Top of DATASET CONTENT

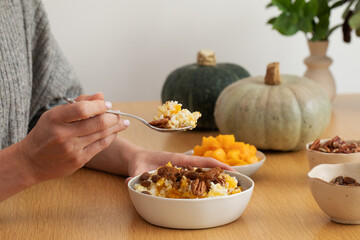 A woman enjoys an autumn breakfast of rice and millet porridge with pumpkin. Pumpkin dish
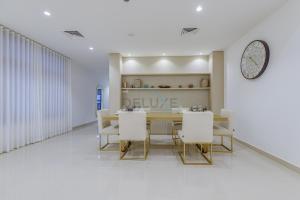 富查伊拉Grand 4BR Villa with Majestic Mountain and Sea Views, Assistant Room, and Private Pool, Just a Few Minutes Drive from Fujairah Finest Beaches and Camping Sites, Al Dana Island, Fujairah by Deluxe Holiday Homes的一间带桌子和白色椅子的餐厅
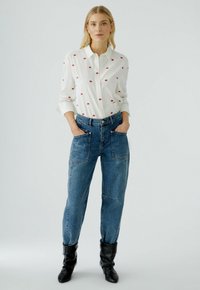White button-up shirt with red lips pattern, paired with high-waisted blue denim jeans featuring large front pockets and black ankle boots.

Bottom of DATASET CONTENT

> [PROMPT]: Return every line above exactly, omitting images.

> [SOLUTION FOR THIS TASK]:
 A woman enjoys an autumn breakfast of rice and millet porridge with pumpkin. Pumpkin dish
 富查伊拉Grand 4BR Villa with Majestic Mountain and Sea Views, Assistant Room, and Private Pool, Just a Few Minutes Drive from Fujairah Finest Beaches and Camping Sites, Al Dana Island, Fujairah by Deluxe Holiday Homes的一间带桌子和白色椅子的餐厅
White button-up shirt with red lips pattern, paired with high-waisted blue denim jeans featuring large front pockets and black ankle boots.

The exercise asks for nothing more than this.